§ **Data section**
"""

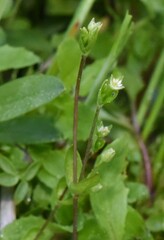 Stellaria calycantha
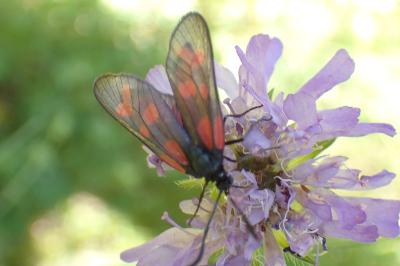 Zygaena viciae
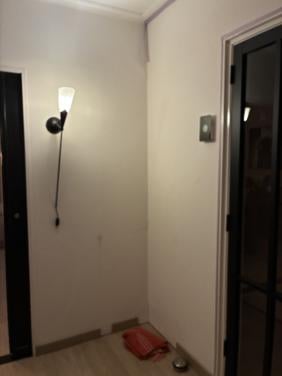 2 hanglampen in goede staat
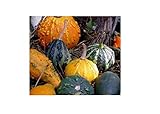 40x Zucca Piccole Frutti Gemischt- Patisson Seme Verdure K475 foto / EUR 7,54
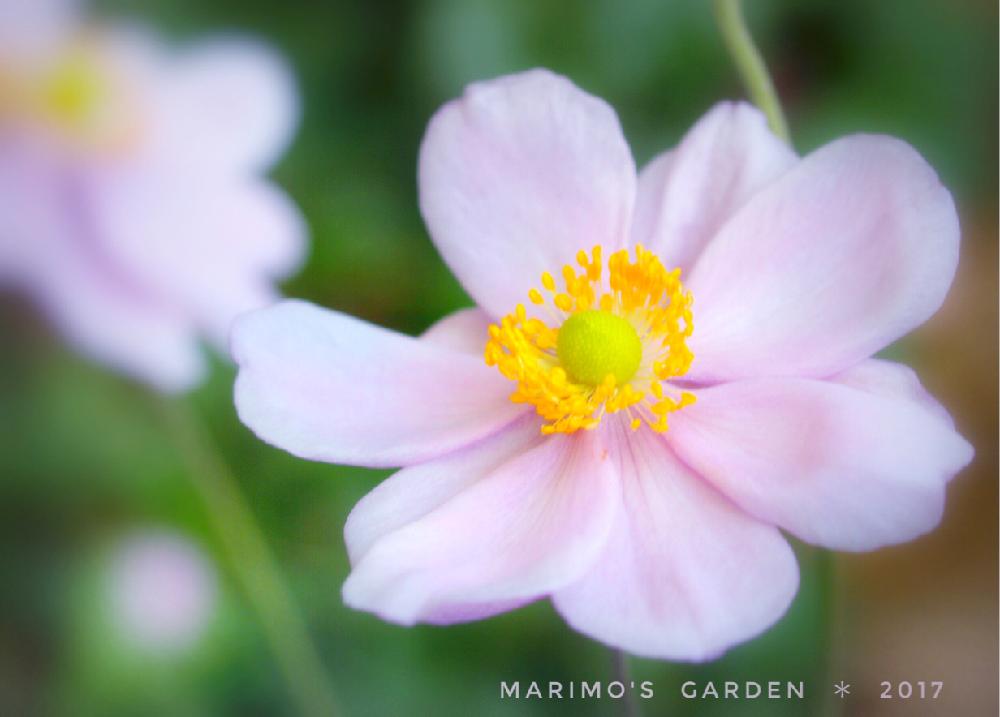 お出かけ先の画像 by マリモさん | お出かけ先とシュウメイギクとピンクの花と梅雨に負けないと植中毒と今日の一枚と今日のお花と花のある暮らし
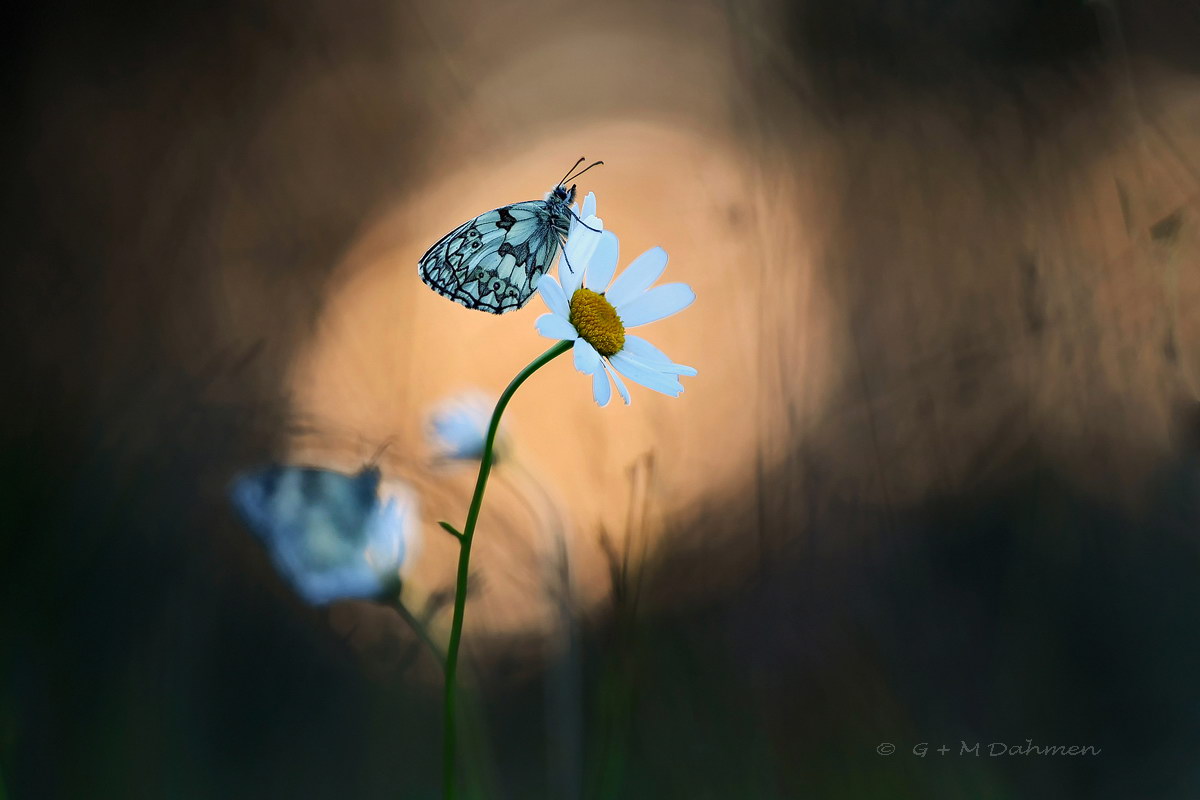 Schachbrettfalter im Abendlicht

"""

§ **Problem requirements**
Please print the entire listing again exactly, minus its images.

§ **Written answer**
 Stellaria calycantha
 Zygaena viciae
 2 hanglampen in goede staat
 40x Zucca Piccole Frutti Gemischt- Patisson Seme Verdure K475 foto / EUR 7,54
 お出かけ先の画像 by マリモさん | お出かけ先とシュウメイギクとピンクの花と梅雨に負けないと植中毒と今日の一枚と今日のお花と花のある暮らし
 Schachbrettfalter im Abendlicht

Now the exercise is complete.